Commenting the situation, you said that Ukraine, first of all, needs to follow the rules of civilized behavior. How do you see the civilized behavior in the sphere of historical memory?

“Ukraine has the most tragic history of any European country. During the period when both Hitler and Stalin were in power, between 1933 and 1945, more inhabitants of Ukraine were killed than inhabitants of any other country. The entire republic was starved as a matter of Soviet policy in 1933. Ukrainians were among the Soviet soldiers deliberatly starved by the Nazis in 1941. Inhabitants of Ukraine, especially Poles, were killed disproportionately in the Soviet terror of 1937-38. And Ukraine’s Jews were murdered by the German occupiers, with local help, in the unprecedented crime of the Holocaust between 1941 and 1944.

“The horrible scale of this suffering creates enormous temptations for political manipulation. But the remedy is the same here as everywhere: open all the archives, and allow historians from Ukraine and everywhere else to interpret what they find. Fund research based on merit, and let historians publish as they please, and where they please, without political pressure. Precisely because these questions are so important and so difficult, we need to respect the rights of those who investigate them.”

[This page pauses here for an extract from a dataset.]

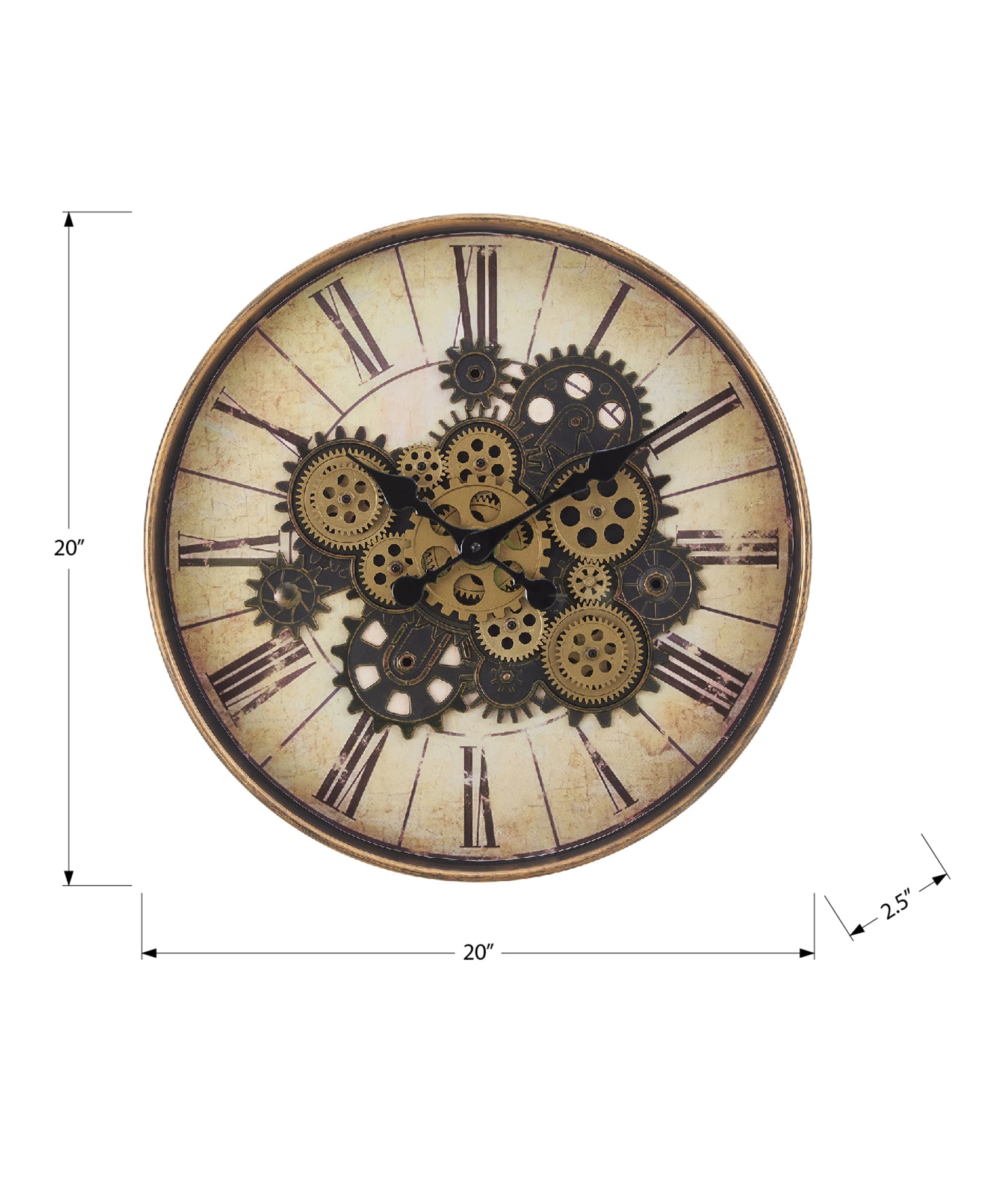 CLOCKS - 20"DIA / GEAR MECHANISM WALL CLOCK / BROWN-Clocks-DECOROLALA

Why, in your opinion, are political manipulations regarding the history of Organization of Ukrainian Nationalists and UPA still possible?

“This is unsurprising. In the United States political manipulations having to do with the history of slavery are still possible. All nations have difficult histories, and there is no choice but to confront them. Ukraine has two different experiences of history, which makes matters even more complicated.

“The OUN and the UPA are responsible for the killing of tens of thousands of people: Ukrainians, Poles, Jews, and others. In Galicia and Volhynia this is history; in central and eastern Ukraine this is usually discussed as politics. Something similar is true for the crimes of the Stalinist regime: the starvation of millions of inhabitants of Soviet Ukraine in 1933 and the executions of tens of thousands of inhabitants of Soviet Ukraine in 1937-38. These are events that happened in central and eastern Ukraine; in Galicia and Volhynia they are usually discussed as politics.

“A common history of Ukraine must include the facts: all of them. So long as this is not done, it will always be easy for politicians to concentrate on the elements of the past that seem to support their own positions rather than on the problems of Ukraine’s present.”

Are these political manipulations particularly a result of the fact that the West apprehends the complicate historical events on the post-soviet space simplistically?

“Ukrainians cannot expect that the West will resolve their memory problems for them. I am very proud that my books have been published in Ukraine, just as I am proud of my collegial relationships with excellent Ukrainian historians. International cooperation is indispensible. But in the end it is the responsibility of the Ukrainian government to support independent historical research and to protect the rights of those who publish on these difficult issues in Ukraine.”

Did the International Anti-Fascist Front or Mr. Kolesnichenko take any steps to resolve the issue after your public statement?

“Yes. Mr. Kolesnichenko has done more than I expected. In a public statement, Mr. Kolesnichenko admitted that he published my text without permission. This is the fundamental point. After such a public admission, the next logical step will be an investigation by the appropriate Ukrainian authorities. Mr. Kolesnichenko will no doubt wish to cooperate. After all, as a parliamentary deputy he has a special responsibility to protect the law, not only in my case but in every case.

“My experience is only a very small taste of what citizens of Ukraine must confront every day. Ukrainians have to deal with the arbitrary application of the law whenever they try to pay their taxes, start a business, or do anything that involves the government. My case is not important because I am a foreign professor. My case is important only as an example of the major problem of Ukraine today: the weakness of the rule of law.”